▶ Data in this exercise:
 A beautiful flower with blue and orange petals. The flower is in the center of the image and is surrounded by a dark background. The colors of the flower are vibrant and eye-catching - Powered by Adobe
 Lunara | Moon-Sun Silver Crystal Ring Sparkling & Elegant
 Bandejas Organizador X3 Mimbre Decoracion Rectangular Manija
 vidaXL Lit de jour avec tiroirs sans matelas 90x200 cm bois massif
* * *
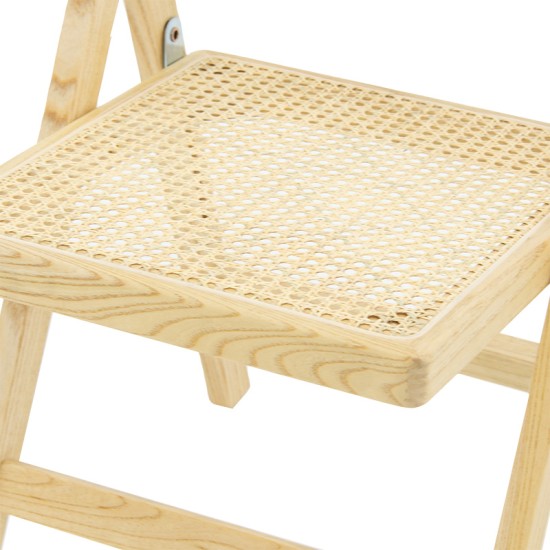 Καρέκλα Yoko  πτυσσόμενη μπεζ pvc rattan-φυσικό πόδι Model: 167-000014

▶ Assignment:
Which lines run from the one holding "Lunara | Moon-Sun" through the one holding "vidaXL Lit de" in the records above? Repeat them exactly, both included, and nothing more.

▶ Reply:
 Lunara | Moon-Sun Silver Crystal Ring Sparkling & Elegant
 Bandejas Organizador X3 Mimbre Decoracion Rectangular Manija
 vidaXL Lit de jour avec tiroirs sans matelas 90x200 cm bois massif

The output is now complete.